***** Information given *****

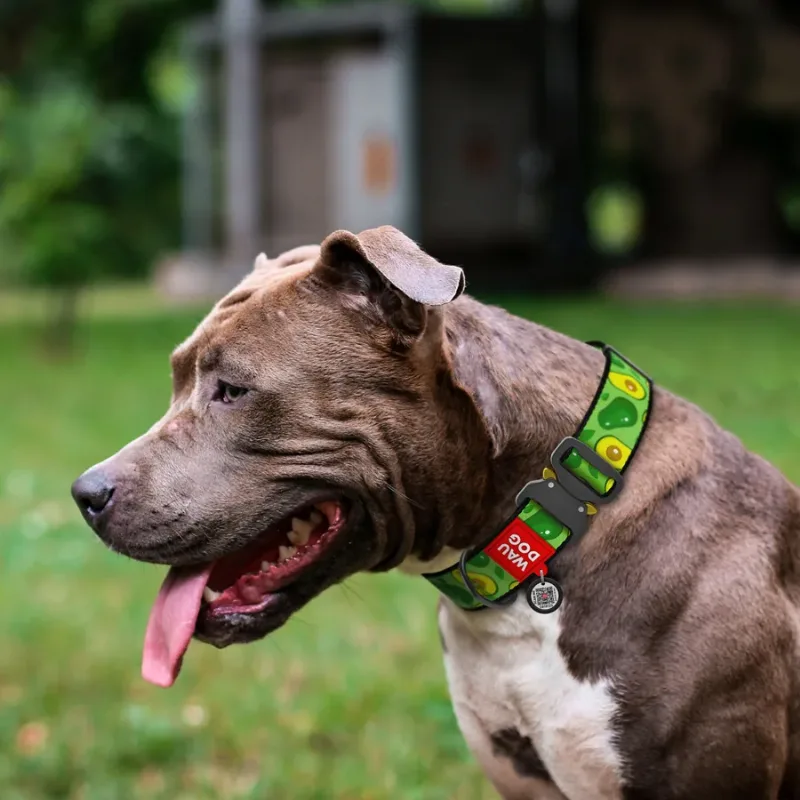 Ошейник для собак нейлоновый «Авокадо», металлическая пряжка, XXL WAUDOG Nylon Collar Avocado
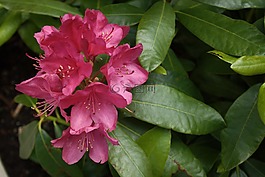 花,粉色,性質(zhì)
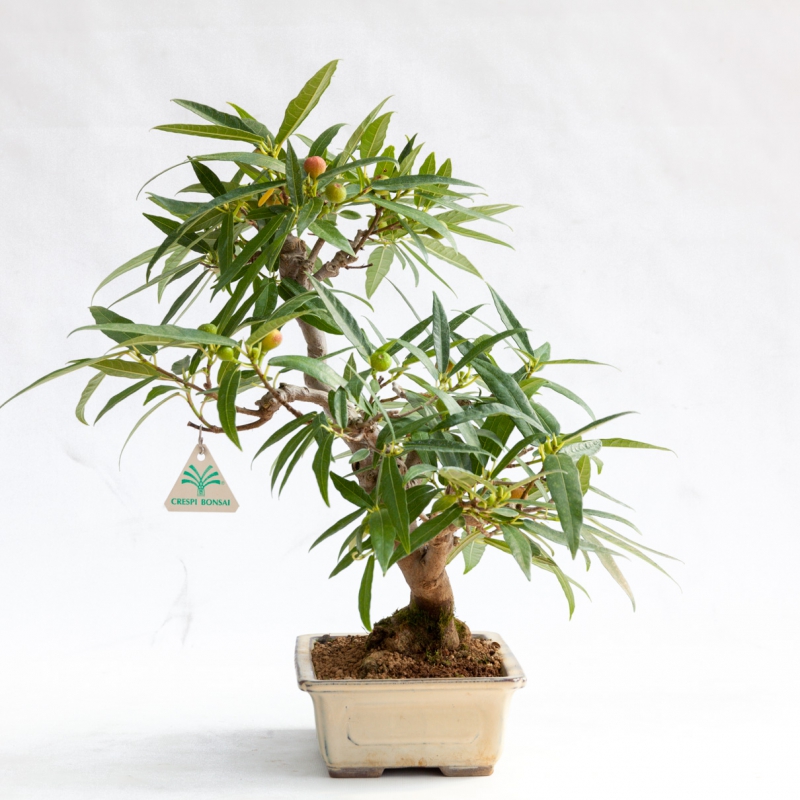 Ficus erecta - Fig - 41 cm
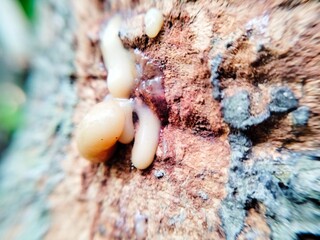 mango tree sap dripping from the trunk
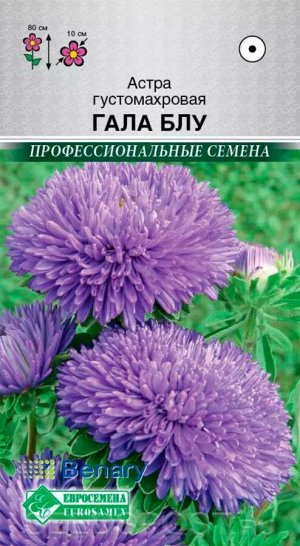 Цветы Астра Гала Блу густомахровая ЦВ/П (ЕС) 10шт однолетник до 80см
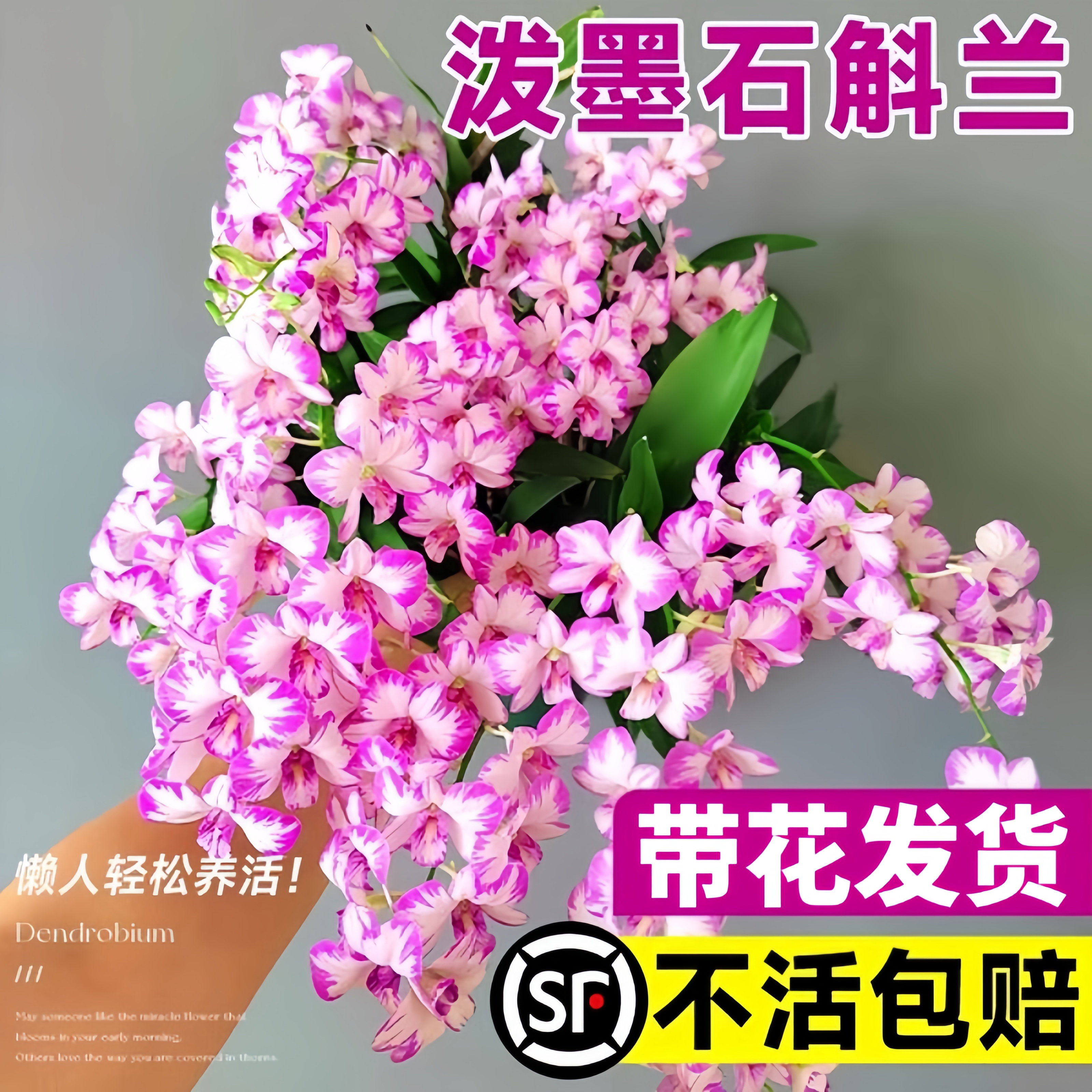 泼墨秋石斛兰盆栽带花苞梦香文心兰名贵花卉植物室内好养四季开花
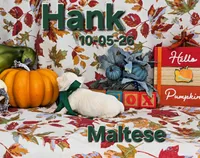Hank 💙, a male Maltese for sale in Barnett, MO – 2 of 4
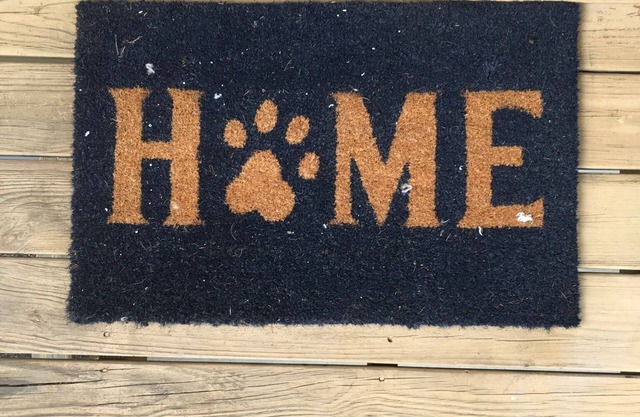 Available ThanksgivingnPet friendly and clean condo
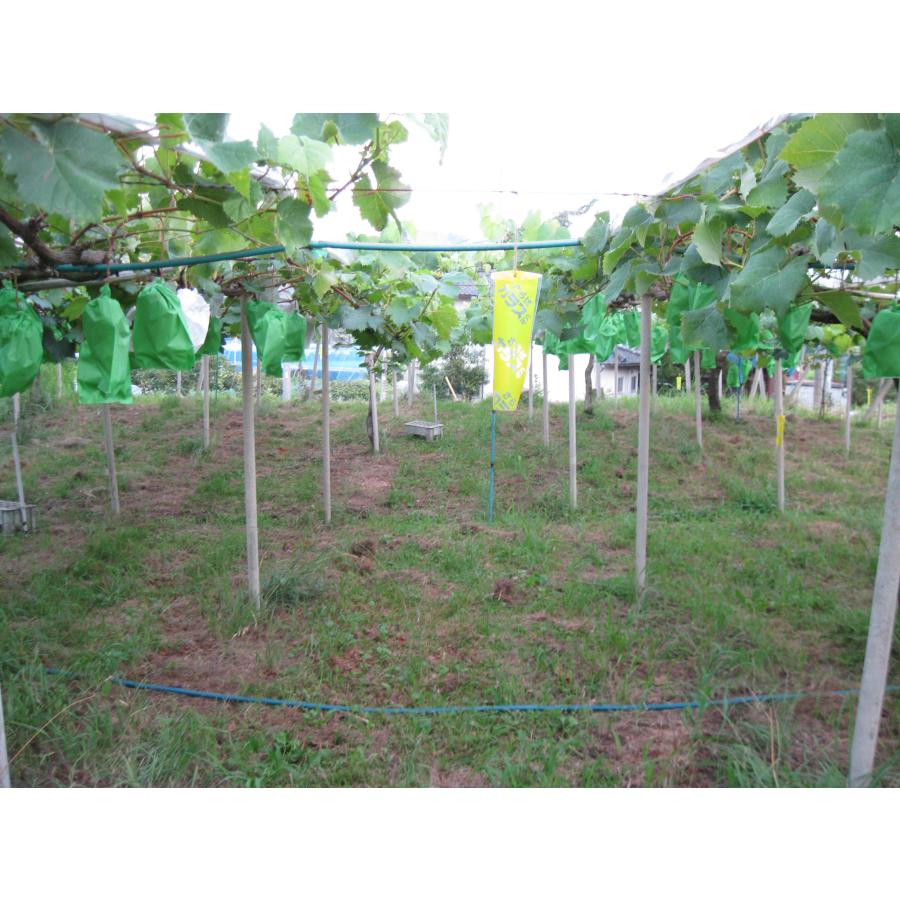 北海道環境バイオセクター 札幌時計台 カラス除けテープ 「10cm×500cm」ツバメ巣守り 鷹 トンビ カモメ  ベランダ 果樹園 農家  鳥害対策 カラス対策 |  | 05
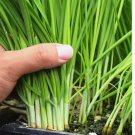 500 Garlic Chive Seeds For Planting Heirloom Non-Gmo Chinese Chives Easy to Grow Flower Seeds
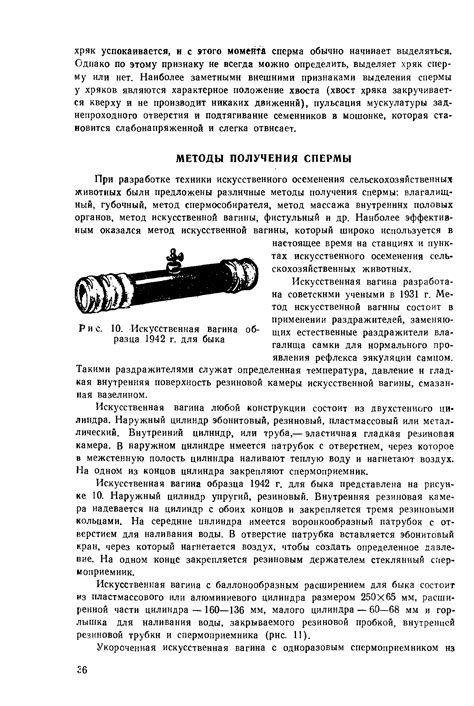 Искусственная вагина образца 1942 г. для быка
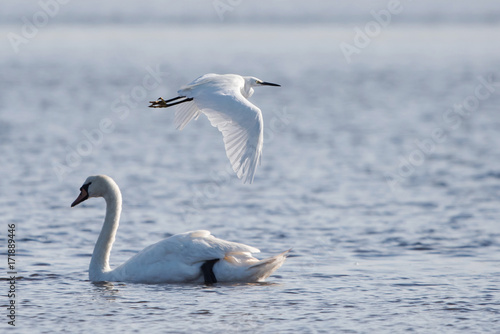 Little Egret and Mute Swan © Maciej Olszewski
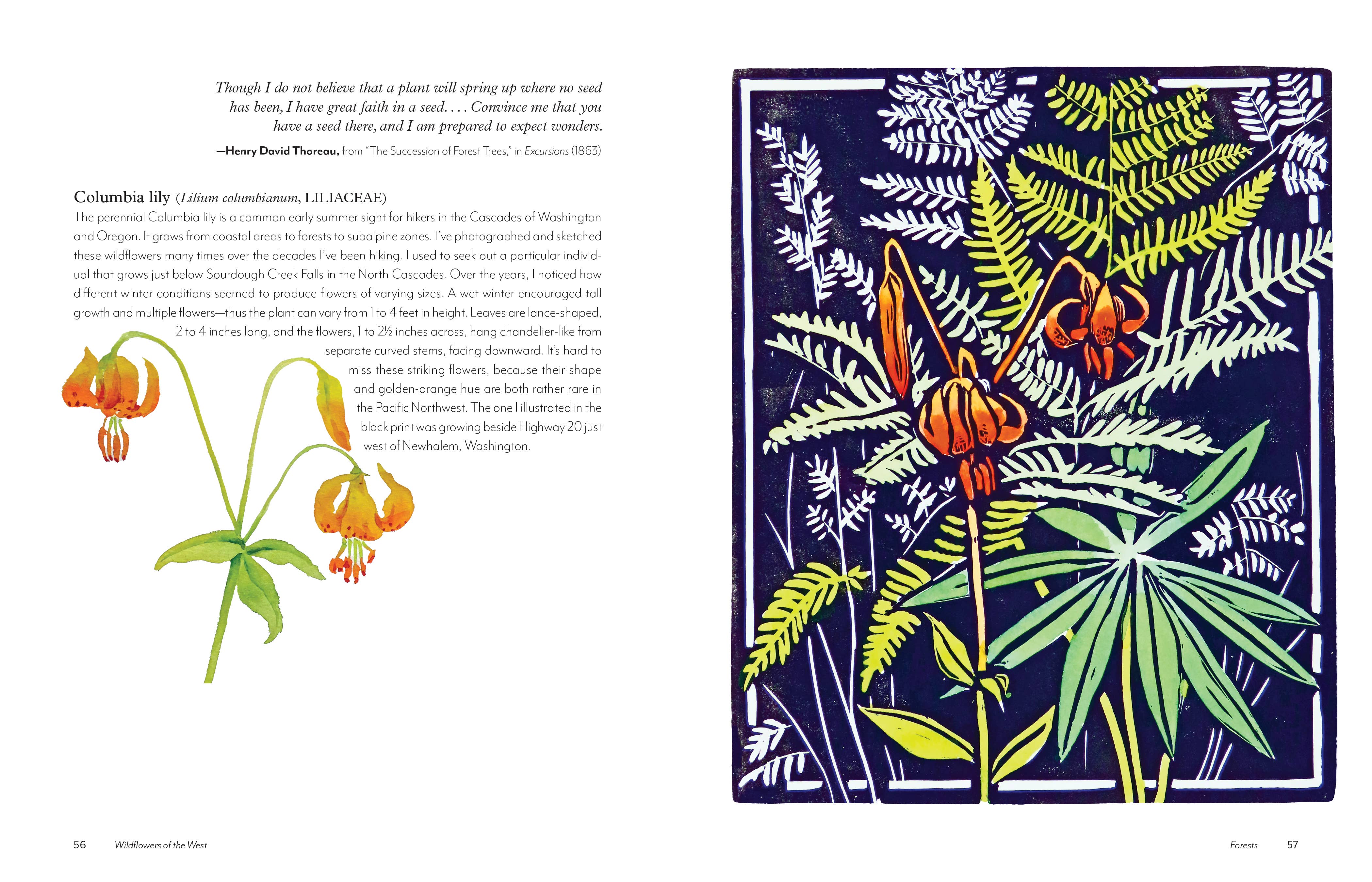 Mountaineers Books - Wholesale Nature & Outdoors - Wildflowers of the West4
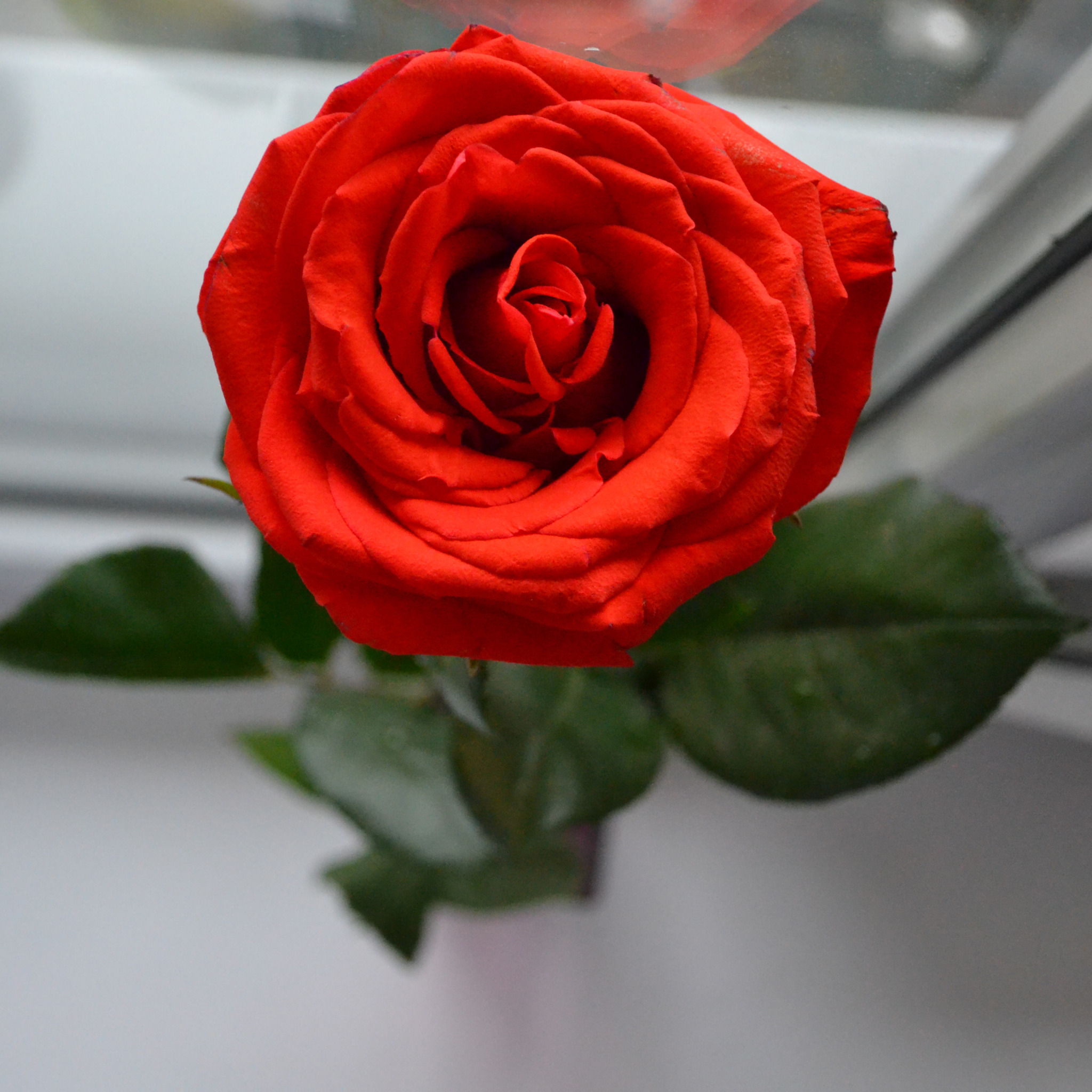Дом розочка. Розы на столе. Розы на подоконнике. Букет роз на подоконнике.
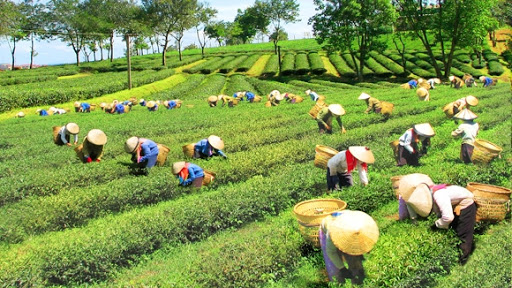 Các giải pháp cơ bản, cấp bách nhằm phát triển thị trường ở vùng dân tộc thiểu số và miền núi Việt Nam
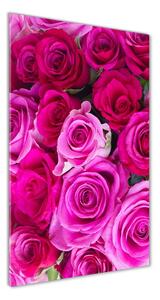 Vertikální Foto obraz sklo tvrzené Růžové růže osv-119338760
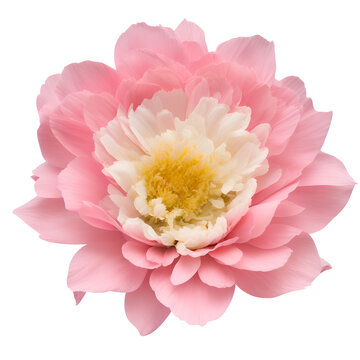 Fototapeta peony flower close up marco good for design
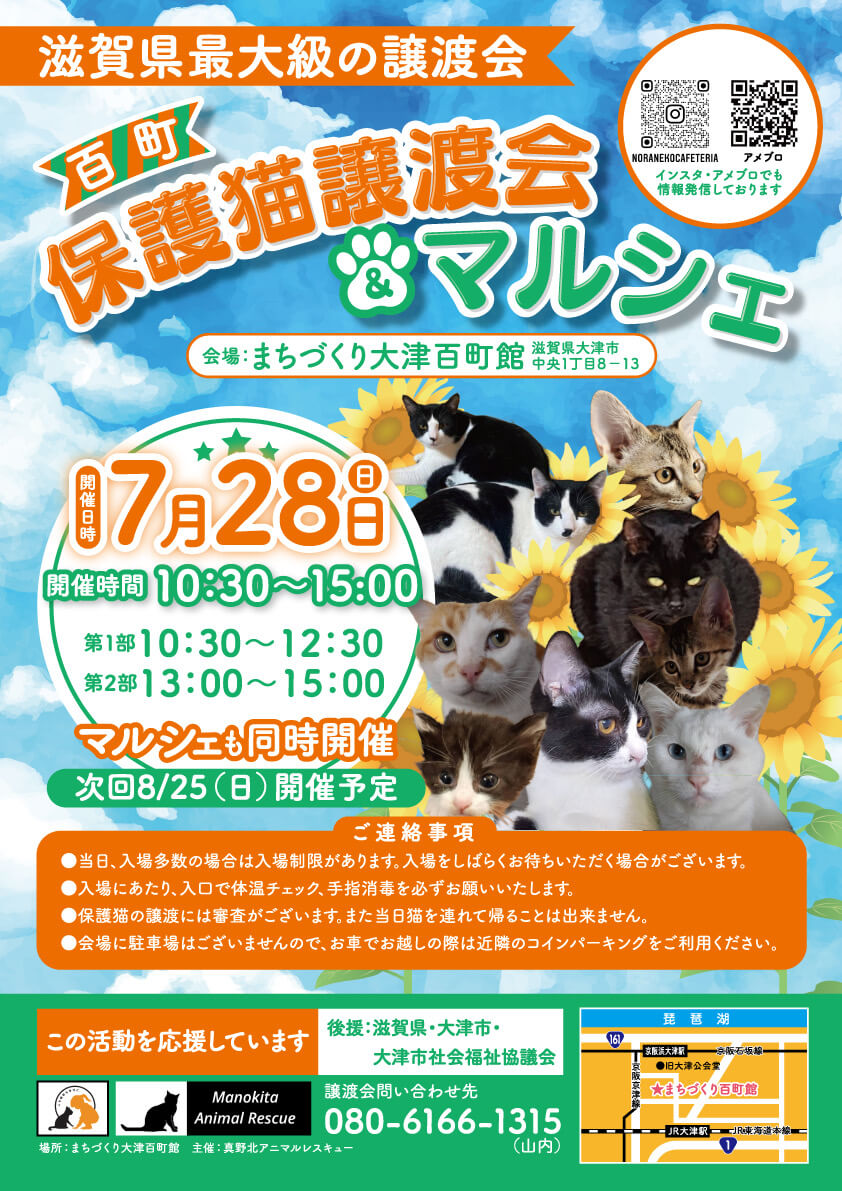 百町保護猫譲渡会＆マルシェ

*****

# Work task
Above are records; repeat only the lines from the line with "Ficus erecta - Fig - 41 cm" through the line with "北海道環境バイオセクター 札幌時計台 カラス除けテープ", and leave pictures out.

# Result of the task
 Ficus erecta - Fig - 41 cm
 mango tree sap dripping from the trunk
 Цветы Астра Гала Блу густомахровая ЦВ/П (ЕС) 10шт однолетник до 80см
 泼墨秋石斛兰盆栽带花苞梦香文心兰名贵花卉植物室内好养四季开花
Hank 💙, a male Maltese for sale in Barnett, MO – 2 of 4
 Available ThanksgivingnPet friendly and clean condo
 北海道環境バイオセクター 札幌時計台 カラス除けテープ 「10cm×500cm」ツバメ巣守り 鷹 トンビ カモメ  ベランダ 果樹園 農家  鳥害対策 カラス対策 |  | 05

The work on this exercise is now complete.